In order to determine the effect of injection parameters on the adhesion performance of the chrome coating, the ABS-based automotive parts were subjected to the thermally artificial aging process. The thermally artificial aging process was applied to the ABS-based automotive parts with chrome-plated surfaces. The surfaces of the ABS samples were washed with deionized water and dried at room temperature before the thermally artificial aging process. The thermally artificial aging process was carried out in Nucleon, NKT-900 model using a thermal cabinet. After the parts were placed in the cabinet, the parts were exposed to −40 ± 2 °C cold air for 60 min in 1 cycle. The parts were then exposed to hot air at 80 ± 2 °C for 60 min. Overall, 10 repetitive thermal cycles were applied to each part under the same test conditions.

2.3. Characterization

The microcracking density measurements on the surfaces of the ABS-based automotive parts were performed by means of optical microscope. A ZEIZZ, AX10 model optical microscope was used. The ABS surface images were obtained at a magnification of approximately 500 µm. The microcrack density of the samples was calculated by means of computer software with linear lines drawn on the optical microscope images.
The cross-cut tests were performed on aged and unaged chrome-plated ABS-based automotive parts according to ISO 2409 standards at room temperature. The TQC sheen, SP1691 model cross-cut equipment was used. The cross-cut equipment has a multi-knife cutter with 2 mm spacing and 6 teeth. Firstly, horizontal scratches were applied to the surface of the plastic part using the cross-cut knife at a 90⁰ angle. Then, vertical scratches were applied on top of the horizontal scratches using the cross-cut knife at a 90⁰ angle. Thus, a lattice structure was formed on the surface of the parts. In the last step, a special tape was adhered to the created cage area and pulled off with constant force. The cross-cut knife and tested sample are given in Figure 3.
The coating thickness of the ABS-based automotive parts was measured using an electrochemical method by means of a Fischer/CMS2 STEP model Couloscope. F4, F6 and F1 electrolytes were supplied from Yalcın Galvano Chemistry Inc and used for thickness measurements. In order to measure the thickness of the coating, three different electrodes were dropped on the coated ABS parts, separately.
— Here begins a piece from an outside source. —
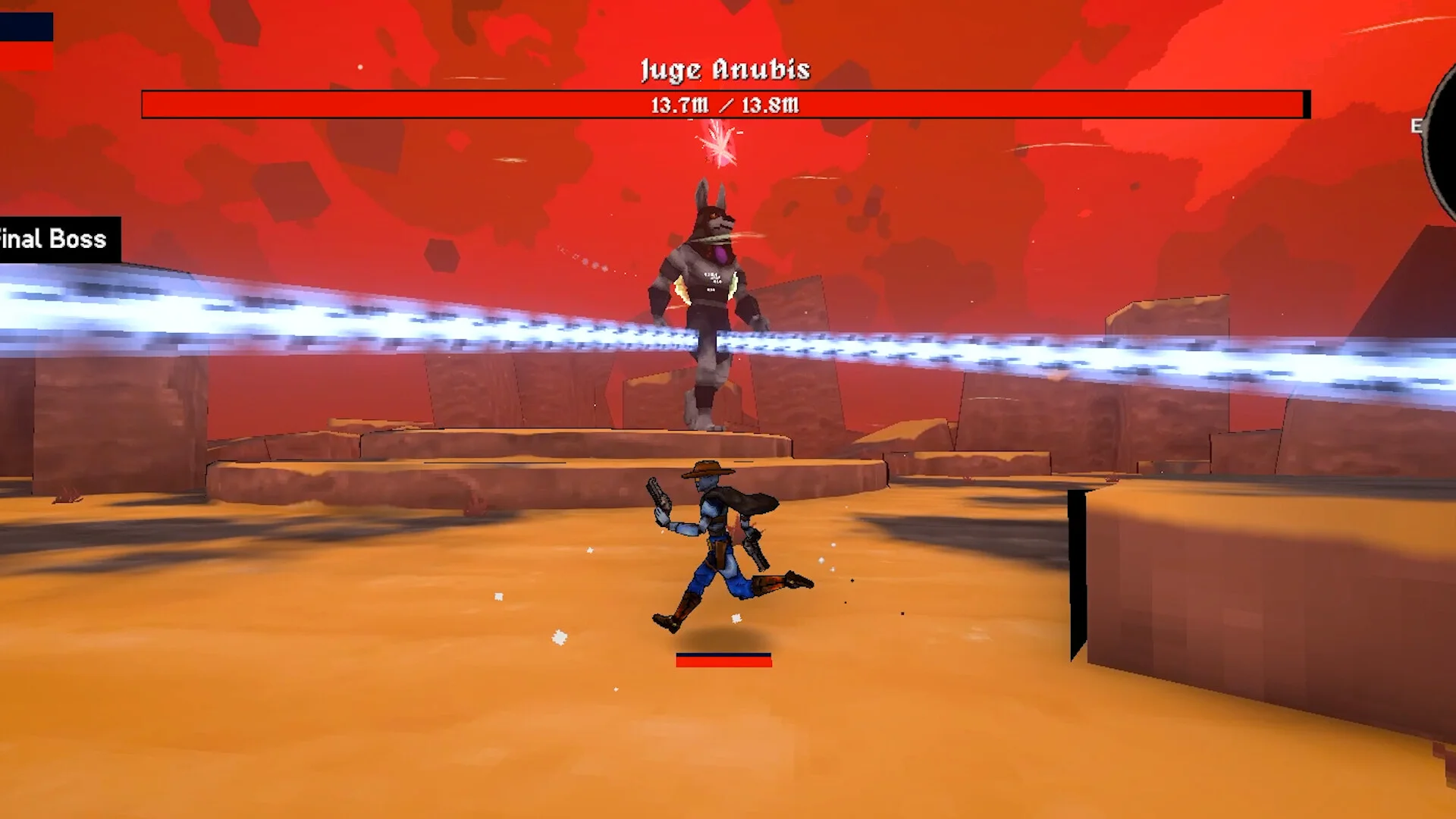 Megabonk screenshot 5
The F4 electrolyte was used to measure the thickness of the copper layer. The F6 electrolyte was used to measure the thickness of the nickel layer. The F1 electrolyte was used to measure the thickness of the chrome layer. The sum of the copper, chromium and nickel layer thicknesses were recorded to determine the total thickness of the coating layer.
The sample surfaces were analyzed using an electron microscope after treatment with glacial acetic acid. The parts were first immersed in a cold acetic acid bath for 30 s. They were then rinsed with water and dried at room temperature. Subsequently, they were re-immersed in the cold acetic acid bath for 120 s, rinsed again with water, and dried at room temperature. The data obtained from the imaging were used to evaluate surface residual stresses for each set of injection process parameters. The scanning electron microscope (SEM) analysis was performed for the etched ABS-based automotive parts before chrome plating and the chrome-plated ABS-based automotive parts after the aging process. A Zeiss Supra 40 VP branded SEM device equipped with energy dispersive X-ray analysis (EDX) was used in the analysis. The surfaces of all the samples were coated with gold–palladium (Au–Pd) before SEM analysis.

3. Results

3.1. Microcrack Density

The effect of the injection molding processing parameters on microcrack density were investigated. Microcrack density is a key parameter for hard chrome electroplating. Microcrack density greatly affects the behavior of the chemical and mechanical properties of the chrome-plated ABS-based automotive parts. The optical microscope images of microcracking density on the surfaces of the ABS parts are given in Figure 4. The microcrack density of the samples was obtained as 320 grains for ABS-1 (Figure 4a), 370 grains for ABS-2 (Figure 4b), 400 grains for ABS-3 (Figure 4c), 360 grains for ABS-4 (Figure 4d), 370 grains for ABS-5 (Figure 4e), 340 grains for ABS-6 (Figure 4f), 320 grains for ABS-7 (Figure 4g), 270 grains for ABS-8 (Figure 4h) and 430 grains for ABS-9 (Figure 4i). In the ABS-2 sample, where the fixed half-mold temperature was decreased by 15 °C, the number of observed microcracks was higher compared with the ABS-1 sample, in which the fixed half-mold temperature was increased by 15 °C. This indicates that increasing the fixed half-mold temperature has a favorable effect on reducing microcrack formation. In the ABS-3 sample, it was observed that increasing the packing pressure by 20 bars also contributed to a reduction in microcrack formation. For the ABS-6 sample, increasing the injection rate by 5 mm/s at each of the stages resulted in a higher number of microcracks compared with the ABS-5 sample, where the injection rate was decreased by 5 mm/s at each stage. These findings suggest that reducing the injection rate has a beneficial effect on minimizing microcrack formation. Similarly, the number of microcracks in the ABS-8 sample, where the cooling time was shortened by 7 s, was higher than in the ABS-7 sample, where the cooling time was extended by the same amount. It was concluded that increasing the cooling time also contributes to reducing microcrack formation.
It is seen that the microcrack density of the samples changed as a function of the injection molding processing parameters. The variation in microcrack density among the samples is indicative of differences in internal stress relaxation mechanisms during the electroplating process. A moderate microcrack density is generally desirable to alleviate residual stress without excessively compromising the barrier properties of the coating. On the other hand, samples such as ABS-8, exhibiting lower microcrack density, may be more prone to brittle failure under mechanical or thermal stress. Therefore, the careful control of microcrack formation is essential for optimizing the performance and longevity of chrome coatings on ABS.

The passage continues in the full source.